Excerpts from a dataset

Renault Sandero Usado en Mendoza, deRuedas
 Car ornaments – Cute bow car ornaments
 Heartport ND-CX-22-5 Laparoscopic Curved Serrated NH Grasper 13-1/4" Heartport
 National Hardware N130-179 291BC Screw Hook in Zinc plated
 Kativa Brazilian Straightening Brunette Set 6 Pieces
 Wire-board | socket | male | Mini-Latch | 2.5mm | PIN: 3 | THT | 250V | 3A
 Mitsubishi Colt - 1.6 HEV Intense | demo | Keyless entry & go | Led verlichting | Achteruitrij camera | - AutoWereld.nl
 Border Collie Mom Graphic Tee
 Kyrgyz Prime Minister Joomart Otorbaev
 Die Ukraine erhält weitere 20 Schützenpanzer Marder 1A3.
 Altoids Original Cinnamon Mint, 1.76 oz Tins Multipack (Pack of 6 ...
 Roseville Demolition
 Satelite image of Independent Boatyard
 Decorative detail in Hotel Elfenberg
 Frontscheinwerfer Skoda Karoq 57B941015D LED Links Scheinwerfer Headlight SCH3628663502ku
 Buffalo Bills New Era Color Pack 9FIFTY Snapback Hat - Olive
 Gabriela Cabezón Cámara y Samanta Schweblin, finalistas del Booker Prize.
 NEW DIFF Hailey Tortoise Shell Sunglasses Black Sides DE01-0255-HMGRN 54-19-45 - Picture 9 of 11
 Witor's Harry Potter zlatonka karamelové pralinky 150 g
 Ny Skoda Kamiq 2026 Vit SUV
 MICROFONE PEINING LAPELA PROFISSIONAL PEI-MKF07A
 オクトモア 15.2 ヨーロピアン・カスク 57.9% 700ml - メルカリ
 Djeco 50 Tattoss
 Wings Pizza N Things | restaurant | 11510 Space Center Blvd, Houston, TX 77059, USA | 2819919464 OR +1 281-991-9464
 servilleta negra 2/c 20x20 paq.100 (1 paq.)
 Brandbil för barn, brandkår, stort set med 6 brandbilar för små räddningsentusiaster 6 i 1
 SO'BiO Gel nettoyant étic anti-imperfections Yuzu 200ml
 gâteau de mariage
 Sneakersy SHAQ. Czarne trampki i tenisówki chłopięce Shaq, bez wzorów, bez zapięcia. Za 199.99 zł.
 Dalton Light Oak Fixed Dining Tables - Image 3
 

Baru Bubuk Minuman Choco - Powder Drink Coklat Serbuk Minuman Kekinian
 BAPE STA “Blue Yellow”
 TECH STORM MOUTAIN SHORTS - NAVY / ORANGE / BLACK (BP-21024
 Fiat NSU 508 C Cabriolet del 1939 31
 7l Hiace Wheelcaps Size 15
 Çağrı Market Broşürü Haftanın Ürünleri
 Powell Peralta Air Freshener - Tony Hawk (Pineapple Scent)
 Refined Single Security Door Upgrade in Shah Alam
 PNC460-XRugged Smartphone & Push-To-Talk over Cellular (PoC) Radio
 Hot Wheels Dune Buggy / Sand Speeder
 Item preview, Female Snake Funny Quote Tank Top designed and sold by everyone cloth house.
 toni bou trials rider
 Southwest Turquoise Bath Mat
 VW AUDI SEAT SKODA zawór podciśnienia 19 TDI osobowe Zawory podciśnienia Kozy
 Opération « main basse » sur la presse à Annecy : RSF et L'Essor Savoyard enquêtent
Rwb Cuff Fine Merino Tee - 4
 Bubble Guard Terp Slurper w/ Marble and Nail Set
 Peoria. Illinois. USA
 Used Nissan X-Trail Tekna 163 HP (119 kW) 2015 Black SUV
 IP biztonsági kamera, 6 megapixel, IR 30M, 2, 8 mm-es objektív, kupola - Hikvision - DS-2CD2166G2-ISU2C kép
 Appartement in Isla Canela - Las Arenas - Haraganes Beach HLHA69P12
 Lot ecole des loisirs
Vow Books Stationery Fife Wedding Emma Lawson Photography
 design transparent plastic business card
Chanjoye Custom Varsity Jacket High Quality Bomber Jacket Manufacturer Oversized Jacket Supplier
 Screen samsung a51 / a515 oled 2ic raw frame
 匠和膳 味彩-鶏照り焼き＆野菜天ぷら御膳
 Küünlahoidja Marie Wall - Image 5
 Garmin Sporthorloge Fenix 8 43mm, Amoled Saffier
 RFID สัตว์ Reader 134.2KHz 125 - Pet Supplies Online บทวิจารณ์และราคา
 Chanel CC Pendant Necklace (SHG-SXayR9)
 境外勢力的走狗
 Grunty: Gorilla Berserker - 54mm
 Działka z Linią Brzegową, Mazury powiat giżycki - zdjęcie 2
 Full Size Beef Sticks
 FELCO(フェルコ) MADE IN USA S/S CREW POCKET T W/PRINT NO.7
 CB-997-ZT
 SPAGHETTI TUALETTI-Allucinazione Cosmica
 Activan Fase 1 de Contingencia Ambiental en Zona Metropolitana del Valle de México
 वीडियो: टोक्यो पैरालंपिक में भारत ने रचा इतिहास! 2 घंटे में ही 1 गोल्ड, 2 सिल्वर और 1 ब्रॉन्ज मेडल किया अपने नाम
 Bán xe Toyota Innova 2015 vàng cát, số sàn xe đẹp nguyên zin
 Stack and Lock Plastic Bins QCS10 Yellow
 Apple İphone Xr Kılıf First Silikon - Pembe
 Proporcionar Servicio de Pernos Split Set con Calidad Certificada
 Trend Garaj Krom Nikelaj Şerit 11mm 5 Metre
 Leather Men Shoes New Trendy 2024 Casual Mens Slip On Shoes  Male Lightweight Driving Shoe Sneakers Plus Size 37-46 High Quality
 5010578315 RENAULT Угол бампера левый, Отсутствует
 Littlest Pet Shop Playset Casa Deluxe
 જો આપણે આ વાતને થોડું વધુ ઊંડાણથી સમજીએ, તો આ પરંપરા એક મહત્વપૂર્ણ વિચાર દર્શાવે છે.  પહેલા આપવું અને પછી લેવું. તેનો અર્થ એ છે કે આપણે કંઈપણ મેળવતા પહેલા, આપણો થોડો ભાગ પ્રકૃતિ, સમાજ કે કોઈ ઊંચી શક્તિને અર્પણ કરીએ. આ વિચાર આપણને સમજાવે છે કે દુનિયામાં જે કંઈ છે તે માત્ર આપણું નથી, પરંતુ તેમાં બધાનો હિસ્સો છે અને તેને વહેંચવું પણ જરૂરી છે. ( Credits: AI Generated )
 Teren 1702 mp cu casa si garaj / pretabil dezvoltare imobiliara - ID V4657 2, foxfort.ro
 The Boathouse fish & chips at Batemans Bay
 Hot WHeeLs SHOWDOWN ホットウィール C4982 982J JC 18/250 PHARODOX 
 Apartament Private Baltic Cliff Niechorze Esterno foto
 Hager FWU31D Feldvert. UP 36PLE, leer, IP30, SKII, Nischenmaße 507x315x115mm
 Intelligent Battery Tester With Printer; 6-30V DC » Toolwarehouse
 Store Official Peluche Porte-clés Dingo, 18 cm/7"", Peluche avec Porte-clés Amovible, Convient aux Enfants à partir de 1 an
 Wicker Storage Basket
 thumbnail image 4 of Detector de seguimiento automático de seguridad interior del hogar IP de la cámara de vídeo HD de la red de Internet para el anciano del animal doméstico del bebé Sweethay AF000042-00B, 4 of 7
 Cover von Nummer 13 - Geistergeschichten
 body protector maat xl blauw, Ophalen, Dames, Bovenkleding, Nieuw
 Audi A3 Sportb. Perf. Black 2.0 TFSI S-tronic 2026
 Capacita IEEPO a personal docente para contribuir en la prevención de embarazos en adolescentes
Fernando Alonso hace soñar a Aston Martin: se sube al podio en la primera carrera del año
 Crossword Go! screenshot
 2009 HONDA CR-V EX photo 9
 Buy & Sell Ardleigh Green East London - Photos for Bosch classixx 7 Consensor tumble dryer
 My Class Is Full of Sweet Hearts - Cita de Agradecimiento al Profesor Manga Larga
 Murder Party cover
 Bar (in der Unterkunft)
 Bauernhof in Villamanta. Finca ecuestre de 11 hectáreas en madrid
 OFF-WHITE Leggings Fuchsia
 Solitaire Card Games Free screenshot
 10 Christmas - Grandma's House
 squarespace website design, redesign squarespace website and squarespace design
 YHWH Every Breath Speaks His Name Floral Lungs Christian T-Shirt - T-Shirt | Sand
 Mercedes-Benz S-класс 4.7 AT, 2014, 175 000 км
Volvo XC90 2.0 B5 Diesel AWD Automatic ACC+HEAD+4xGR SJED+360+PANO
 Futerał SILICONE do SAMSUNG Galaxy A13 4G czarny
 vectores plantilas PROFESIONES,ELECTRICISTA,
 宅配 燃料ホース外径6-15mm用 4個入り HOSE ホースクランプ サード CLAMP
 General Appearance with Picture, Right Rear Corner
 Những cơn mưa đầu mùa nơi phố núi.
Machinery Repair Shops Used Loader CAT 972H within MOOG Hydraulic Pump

What you will do: From the entries above, write out only the lines starting at the line that holds "National Hardware N130-179" and ending at the line that holds "Buffalo Bills New", keeping both and matching them exactly.

Result below:
 National Hardware N130-179 291BC Screw Hook in Zinc plated
 Kativa Brazilian Straightening Brunette Set 6 Pieces
 Wire-board | socket | male | Mini-Latch | 2.5mm | PIN: 3 | THT | 250V | 3A
 Mitsubishi Colt - 1.6 HEV Intense | demo | Keyless entry & go | Led verlichting | Achteruitrij camera | - AutoWereld.nl
 Border Collie Mom Graphic Tee
 Kyrgyz Prime Minister Joomart Otorbaev
 Die Ukraine erhält weitere 20 Schützenpanzer Marder 1A3.
 Altoids Original Cinnamon Mint, 1.76 oz Tins Multipack (Pack of 6 ...
 Roseville Demolition
 Satelite image of Independent Boatyard
 Decorative detail in Hotel Elfenberg
 Frontscheinwerfer Skoda Karoq 57B941015D LED Links Scheinwerfer Headlight SCH3628663502ku
 Buffalo Bills New Era Color Pack 9FIFTY Snapback Hat - Olive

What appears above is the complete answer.